The story occasion is so important in a short story. The characters and setting can work, but I think the plot tends to fall flat when it's just not the right story occasion. I've experienced this and it was a pretty hard fix, but it was worth it when I sold the story. How do you pick the story occasions in your short stories? Ever pick wrong? I think this can be a hard one to figure out sometimes.

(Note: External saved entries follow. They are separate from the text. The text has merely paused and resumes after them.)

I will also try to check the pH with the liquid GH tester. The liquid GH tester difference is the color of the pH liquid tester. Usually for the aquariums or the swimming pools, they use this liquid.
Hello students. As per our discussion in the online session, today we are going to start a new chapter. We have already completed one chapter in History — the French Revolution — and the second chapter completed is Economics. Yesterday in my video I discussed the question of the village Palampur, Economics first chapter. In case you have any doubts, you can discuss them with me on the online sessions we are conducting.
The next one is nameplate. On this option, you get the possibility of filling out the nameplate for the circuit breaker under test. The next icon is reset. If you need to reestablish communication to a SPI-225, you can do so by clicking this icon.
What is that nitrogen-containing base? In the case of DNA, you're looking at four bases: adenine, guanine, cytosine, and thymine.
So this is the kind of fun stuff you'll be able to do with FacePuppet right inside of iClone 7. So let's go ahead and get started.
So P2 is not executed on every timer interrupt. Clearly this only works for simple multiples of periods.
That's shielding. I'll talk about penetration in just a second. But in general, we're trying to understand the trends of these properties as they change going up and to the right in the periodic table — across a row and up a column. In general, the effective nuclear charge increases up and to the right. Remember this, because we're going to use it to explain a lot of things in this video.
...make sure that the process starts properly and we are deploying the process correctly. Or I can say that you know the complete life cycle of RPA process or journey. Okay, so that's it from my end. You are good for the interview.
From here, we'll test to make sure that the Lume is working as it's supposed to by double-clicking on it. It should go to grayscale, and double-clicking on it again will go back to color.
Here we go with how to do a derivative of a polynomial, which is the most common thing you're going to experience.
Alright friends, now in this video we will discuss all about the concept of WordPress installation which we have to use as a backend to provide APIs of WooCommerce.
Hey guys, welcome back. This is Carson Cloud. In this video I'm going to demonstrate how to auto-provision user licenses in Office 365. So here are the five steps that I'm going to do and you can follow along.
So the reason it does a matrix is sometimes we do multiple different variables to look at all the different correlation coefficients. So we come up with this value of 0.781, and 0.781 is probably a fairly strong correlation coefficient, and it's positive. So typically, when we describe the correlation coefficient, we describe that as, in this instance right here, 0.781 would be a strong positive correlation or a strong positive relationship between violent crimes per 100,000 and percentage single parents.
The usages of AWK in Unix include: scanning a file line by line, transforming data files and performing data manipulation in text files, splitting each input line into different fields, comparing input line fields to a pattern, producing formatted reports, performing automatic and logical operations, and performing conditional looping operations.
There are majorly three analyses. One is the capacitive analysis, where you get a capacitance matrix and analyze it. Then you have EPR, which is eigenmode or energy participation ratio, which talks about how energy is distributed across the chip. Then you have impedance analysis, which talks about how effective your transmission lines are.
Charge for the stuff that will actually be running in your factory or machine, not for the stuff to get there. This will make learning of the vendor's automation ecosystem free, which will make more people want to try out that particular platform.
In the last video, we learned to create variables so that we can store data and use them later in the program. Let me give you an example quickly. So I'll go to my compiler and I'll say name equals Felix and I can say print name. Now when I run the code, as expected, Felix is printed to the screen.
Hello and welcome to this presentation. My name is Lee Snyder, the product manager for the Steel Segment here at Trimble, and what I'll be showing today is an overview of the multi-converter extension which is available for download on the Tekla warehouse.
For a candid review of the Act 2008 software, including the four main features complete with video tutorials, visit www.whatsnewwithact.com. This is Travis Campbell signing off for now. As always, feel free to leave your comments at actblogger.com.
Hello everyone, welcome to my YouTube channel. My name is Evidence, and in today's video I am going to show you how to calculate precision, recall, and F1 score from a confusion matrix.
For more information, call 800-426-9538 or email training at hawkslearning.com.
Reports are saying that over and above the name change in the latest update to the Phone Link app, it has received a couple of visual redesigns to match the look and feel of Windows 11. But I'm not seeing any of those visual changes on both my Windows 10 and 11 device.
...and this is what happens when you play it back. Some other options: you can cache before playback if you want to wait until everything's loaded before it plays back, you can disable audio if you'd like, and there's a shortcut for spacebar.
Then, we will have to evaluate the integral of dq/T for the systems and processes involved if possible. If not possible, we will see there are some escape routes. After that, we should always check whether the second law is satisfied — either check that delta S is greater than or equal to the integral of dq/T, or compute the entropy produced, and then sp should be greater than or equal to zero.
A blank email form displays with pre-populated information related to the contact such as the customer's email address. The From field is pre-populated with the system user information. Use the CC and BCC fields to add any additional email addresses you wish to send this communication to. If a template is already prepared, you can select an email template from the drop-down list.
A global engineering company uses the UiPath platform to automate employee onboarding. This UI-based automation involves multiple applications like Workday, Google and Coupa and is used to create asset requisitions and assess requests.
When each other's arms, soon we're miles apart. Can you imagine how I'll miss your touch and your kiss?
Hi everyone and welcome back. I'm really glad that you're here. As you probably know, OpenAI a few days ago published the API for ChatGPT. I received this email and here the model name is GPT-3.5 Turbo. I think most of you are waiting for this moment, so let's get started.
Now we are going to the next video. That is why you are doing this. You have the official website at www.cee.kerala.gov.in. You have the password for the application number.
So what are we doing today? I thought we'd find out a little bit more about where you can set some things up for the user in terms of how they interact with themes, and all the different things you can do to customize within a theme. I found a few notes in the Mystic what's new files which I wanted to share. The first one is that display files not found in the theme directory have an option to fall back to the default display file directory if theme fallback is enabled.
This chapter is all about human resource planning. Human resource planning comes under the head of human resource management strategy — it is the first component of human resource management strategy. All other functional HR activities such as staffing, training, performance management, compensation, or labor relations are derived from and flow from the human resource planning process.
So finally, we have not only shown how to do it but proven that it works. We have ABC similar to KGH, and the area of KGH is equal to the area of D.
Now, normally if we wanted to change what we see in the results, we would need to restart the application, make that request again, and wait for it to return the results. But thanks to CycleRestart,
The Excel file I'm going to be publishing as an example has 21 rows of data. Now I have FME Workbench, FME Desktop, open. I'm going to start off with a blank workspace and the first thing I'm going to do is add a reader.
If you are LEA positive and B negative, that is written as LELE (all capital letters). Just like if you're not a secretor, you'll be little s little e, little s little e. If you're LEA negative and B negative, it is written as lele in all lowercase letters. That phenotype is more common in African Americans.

That's an interesting perspective, and it makes sense to me. Milking an inherently dramatic situation seems a bit like cheating, sometimes. Especially when you think about your own life, and realise that the moments when you felt the most drama or the most significant turning points in your life were probably NOT weddings, birthdays, funerals and other calendar occasions. Nothing wrong with a good wedding/funeral/birthday of course. But I suspect people can feel numb or detached during these public events, and more emotionally charged during more private 'ordinary' moments. And yes. The extramarital affairs trope. Argh. It's one of the reasons I stopped following British soap operas a long time ago. (I never followed American ones.) No sooner is a relationship formed and cemented than you KNOW somebody is going to start cheating. That's actually really boring. It's as if no relationship ever lasts, and all the buildup to attaining one matters not a jot. We know that's not true, but always taking this turn seems to be built-in to scriptwriting that kind of neverendum story. When a long-term extramarital affair takes place in another kind of story (novel or short story) I find myself quickly unengaged with the characters. It's not that I believe people who are married can't fall for somebody else. But if they do, for pete's sake, end the marriage and move on (and give your spouse a chance to move on as well.) I don't respect people who cheat on their spouses over a long period. It's a tad ...what? Cowardly? Extremely selfish. And speaks of a lack of committment to both the spouse and the lover which I don't find appealing in a character. So I'm not crazy about these stories, as a rule. Essentially, I don't care what happens to either/any of the characters who do this.
A story occasion is just the occasion during which the story takes place. If it takes place on a character's birthday, his birthday would be the story occasion. And I do think birthdays, deathbeds, weddings, etc. can make good story occasions because a story occasion is unlikely to mean the same thing as what the story is about. Does that make sense? An affair would not be a story occasion, but getting caught with a secret lover can be. This is probably the area I second guess myself the most.